Also, we got to have our dog with us this trip. It's so fun to have her in a hotel room, her funny excitement, her wagging tail and her careful jumping up onto the bed.

When the festivities were over and we had checked out of the hotel, we drove through our old neighborhood, past our condo (just to see the "contract pending" sticker over the "for sale" sign) and took our dog for a walk around the little pond where we always used to go. It was a perfect way to end the trip. I hadn't realized until then that there are things about our Dallas life that I really miss, even though Austin already feels like home. Speaking of home, we are finally back in our little apartment, eating tuna, watching football and planning Christmas.

08 December 2010

I couldn't sleep.

After several weeks of living under the crippling burden of sickening news, I give up: God is in charge.

Given my patterns of worrying, I believe that sometimes, in varying degrees of smallness. As a fallen being, it is impossible me to see things as they really are. God's perspective is so vastly different from mine, that I can only see what seems to be. In Isaiah 55, God says,

8 “For my thoughts are not your thoughts,
neither are your ways my ways,”
declares the LORD.
9 “As the heavens are higher than the earth,
so are my ways higher than your ways
and my thoughts than your thoughts.

Psalm 33 reinforces the fact that He does exactly as He plans, without letting human devices get in the way.

13 The LORD looks down from heaven;
he sees all the children of man;
14 from where he sits enthroned he looks out
on all the inhabitants of the earth,
15 he who fashions the hearts of them all
and observes all their deeds.
16 The king is not saved by his great army;
a warrior is not delivered by his great strength.
17 The war horse is a false hope for salvation,
and by its great might it cannot rescue.
18 Behold, the eye of the LORD is on those who fear him,
on those who hope in his steadfast love,
19 that he may deliver their soul from death
and keep them alive in famine.

The size of a king's army seems like it would have a lot to do with saving him in battle.

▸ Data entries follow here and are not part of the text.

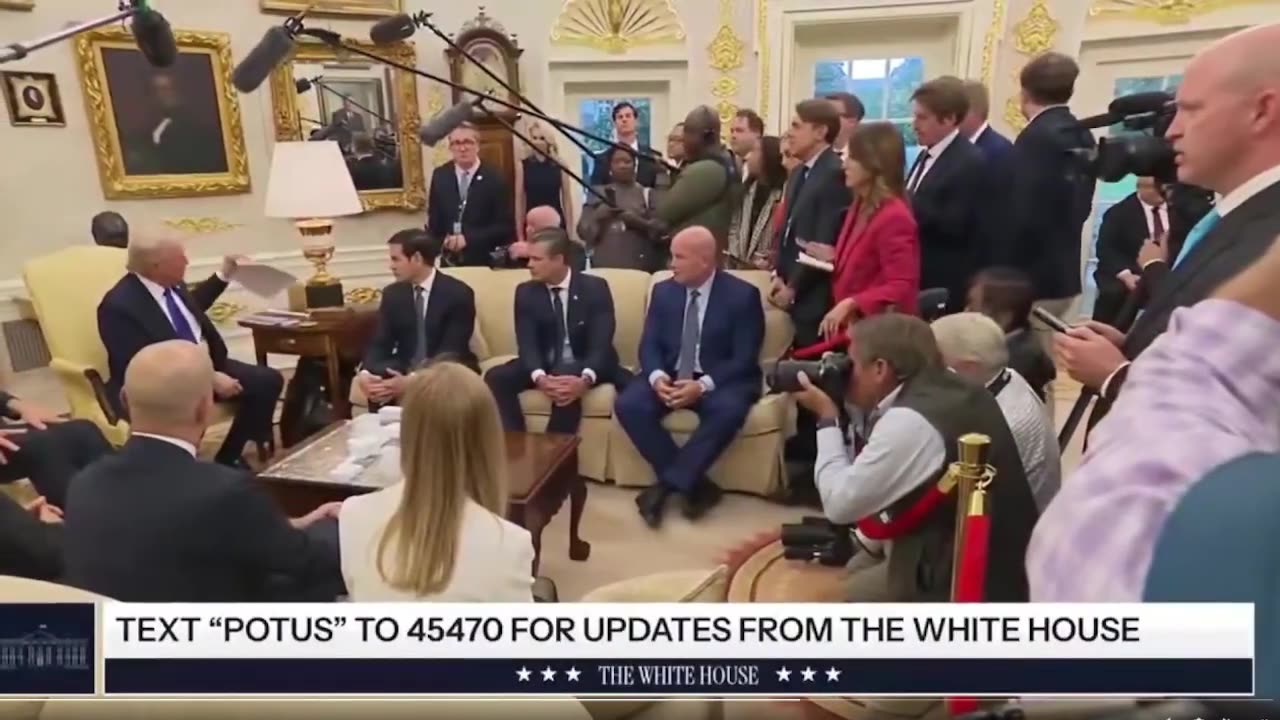 Tổng thống Trump vừa chỉ trÃch má»™t phóng viên hạng ba vì há»i ông chưa đủ minh bạch vá» phòng ...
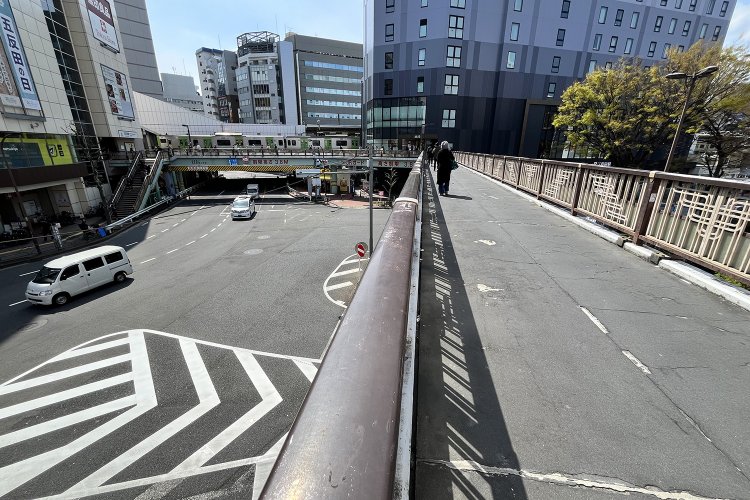東側から五反田駅方面を見る。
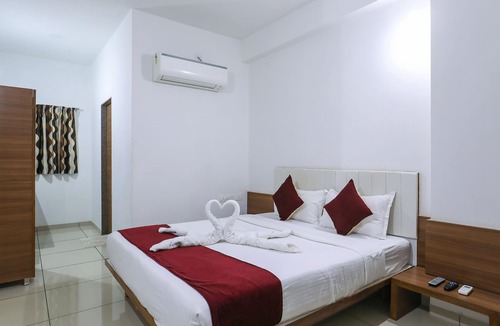 Ahmedabad Hotel | Hotel Ashray Inn Express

But the Lord says it doesn't. He, the Lord, chooses what happens with kings, armies and battles, and every person whose heart He fashioned. Another Psalm says, "Some trust in horses, we trust in the name of the Lord our God. Some trust in chariots, we trust in the name of the Lord our God." Often I live as if so many other things can be trusted in. They can't.

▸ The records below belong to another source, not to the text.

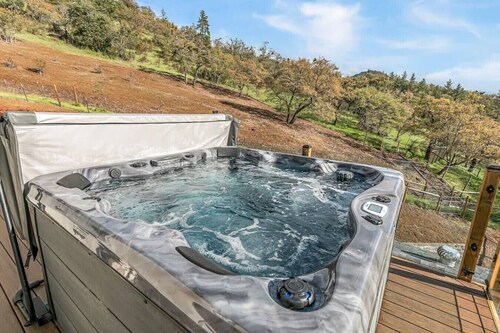 Viewtacular Estate House, Pool, Hot tub & Sauna!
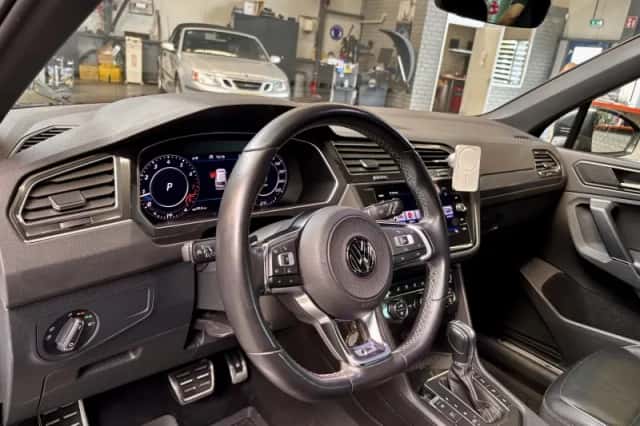 Volkswagen Tiguan (2018) thumbnail 5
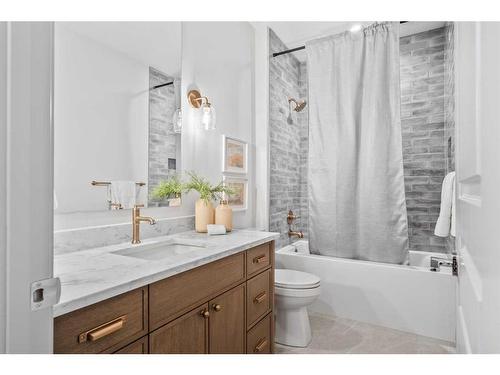 4318 4A Street Sw, Calgary, AB - Indoor Photo Showing Bathroom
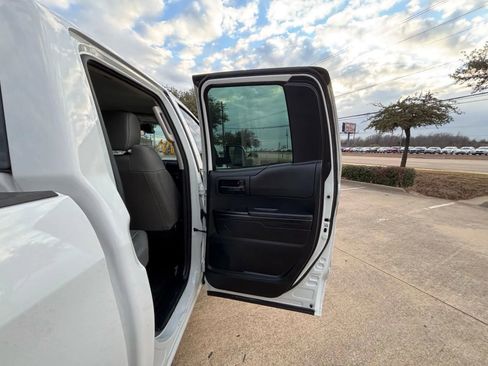 Used 2018 Toyota Tundra SR RWD image 18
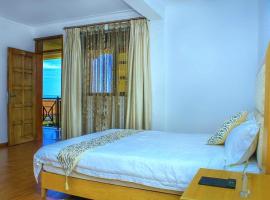 Rosemary courts Bed and Breakfast, hotel berdekatan Lapangan Terbang Antarabangsa Entebbe - EBB, Entebbe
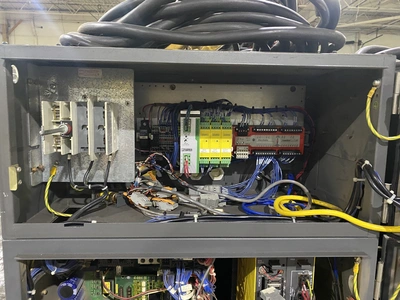 USED FANUC ArcMate 100iC/6L + R-30iA
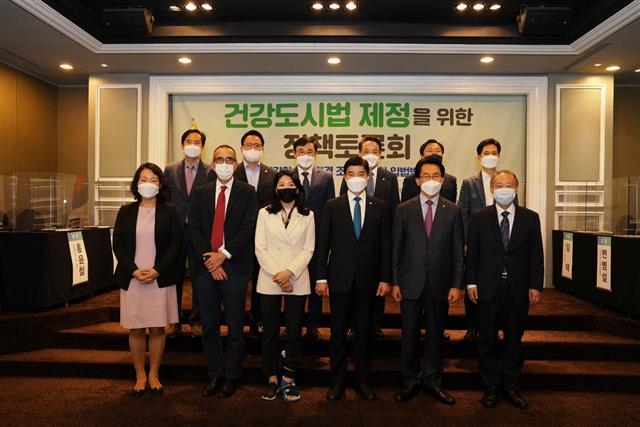 김영종(앞줄 오른쪽 두번째) 서울 종로구청장, 이해식(앞줄 오른쪽 세번째)·신현영(앞줄 오른쪽 네번째) 의원등이 지난 26일 열린 ‘건강도시법 제정 정책토론회’에서 기념 촬영을 하고 있다.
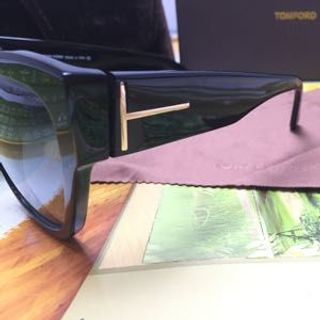 Kinh tomford nu super trong polarised chong uv full bõ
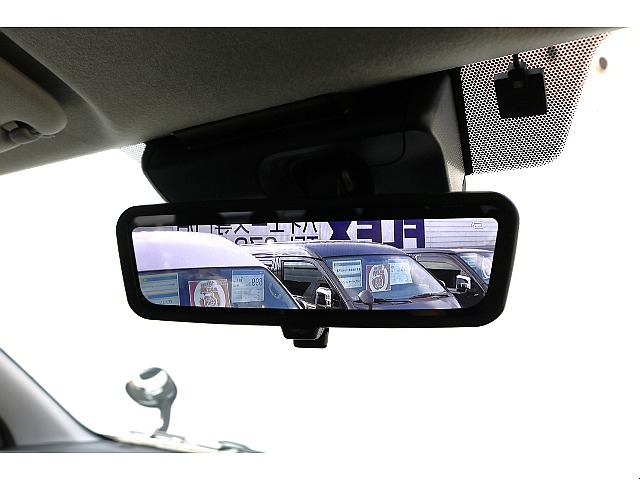 デジタルインナーミラーで夜間も安心◎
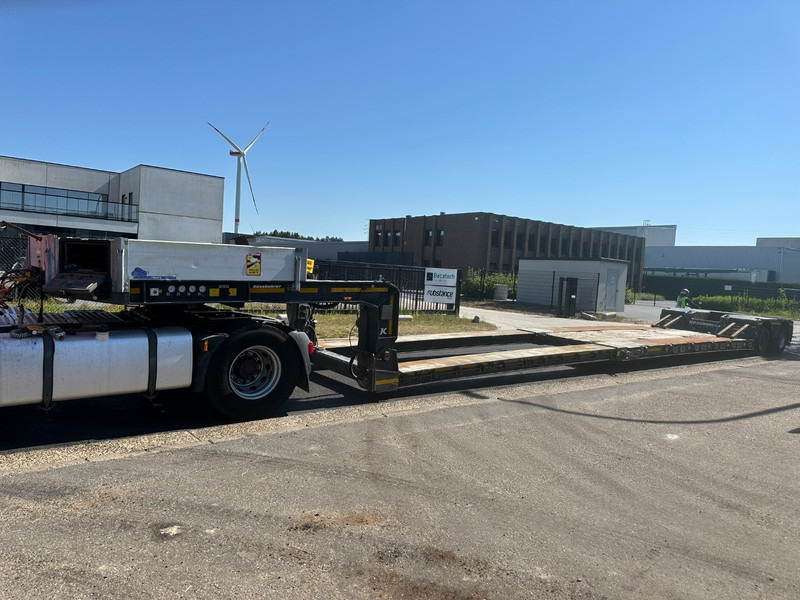 Kässbohrer LB2 48T - LOWBED - TIEFBETT / REMOVABLE NECK - ABNEHMBARE SCHWANENHALS - HYDR STEERING AXLES / LENKACHSEN - BPW - Полуприколка за низок утовар: слика 4 Kässbohrer LB2 48T - LOWBED - TIEFBETT / REMOVABLE NECK - ABNEHMBARE SCHWANENHALS - HYDR STEERING AXLES / LENKACHSEN - BPW - Полуприколка за низок утовар: слика 4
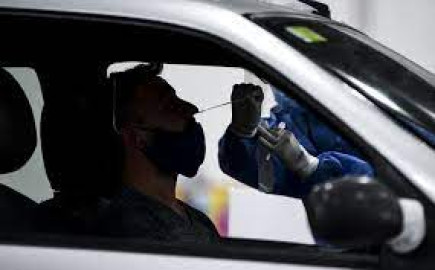 Registran largas filas para pruebas de Covid-19 en hospitales de Buenos Aires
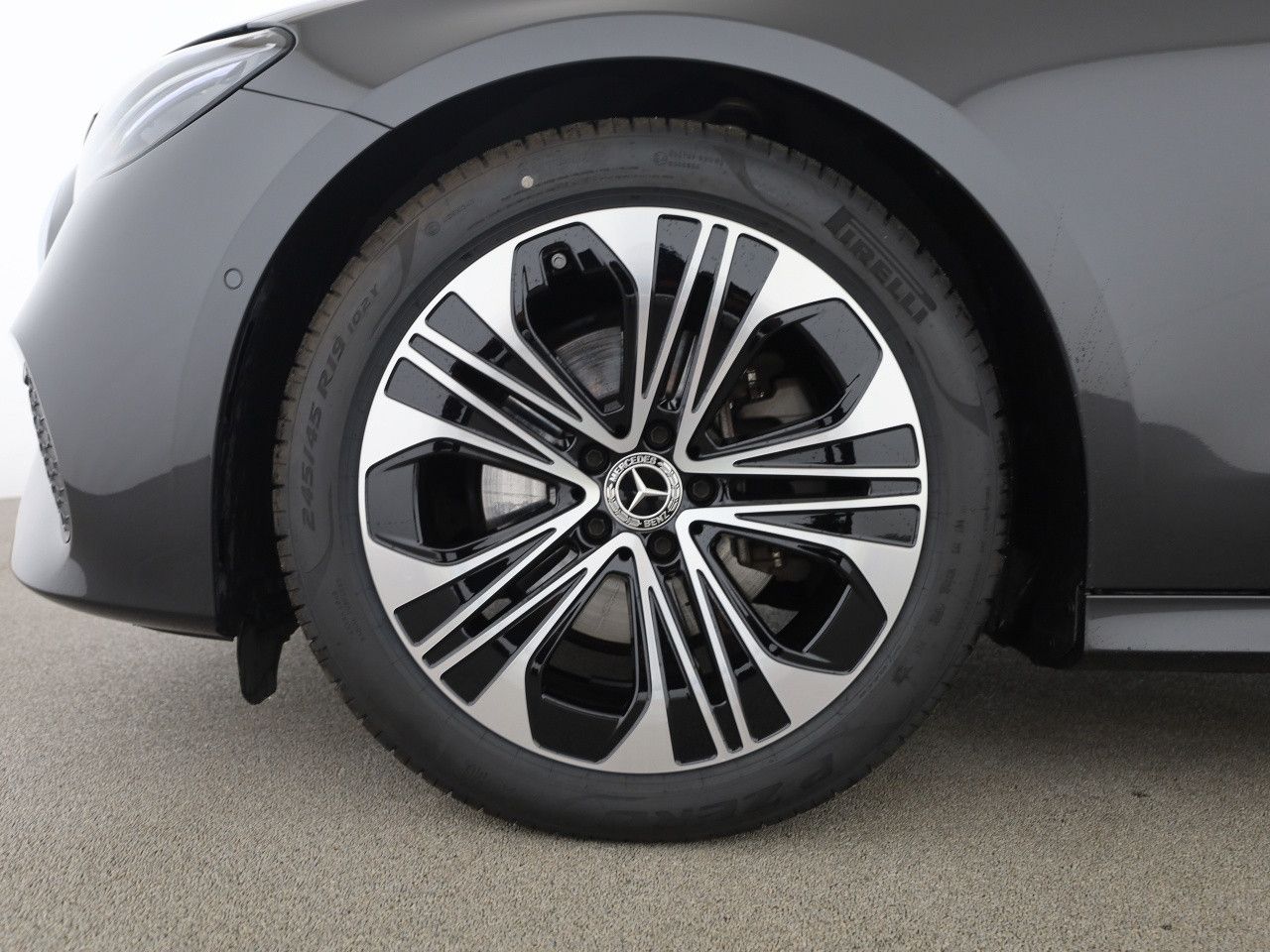 Mercedes-Benz E-Klasse – Bild 18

With thoughts and situations more troubling than usual right now, there is nothing I can do but this:

20 Our soul waits for the LORD;
he is our help and our shield.
21 For our heart is glad in him,
because we trust in his holy name.
22 Let your steadfast love, O LORD, be upon us,
even as we hope in you.

It's what I should do all the time.

Isaiah 26 (I can't remember which verse) says, "You keep him in perfect peace whose mind is stayed on You, because he trusts in You." Having my mind "stayed on Him" is really difficult at the moment, but on the other hand, there really isn't anywhere else to go. He's the one in charge of the outcome, and I know He can be trusted. I don't know why horrible things happen, but I'm truly grateful to know the One who does.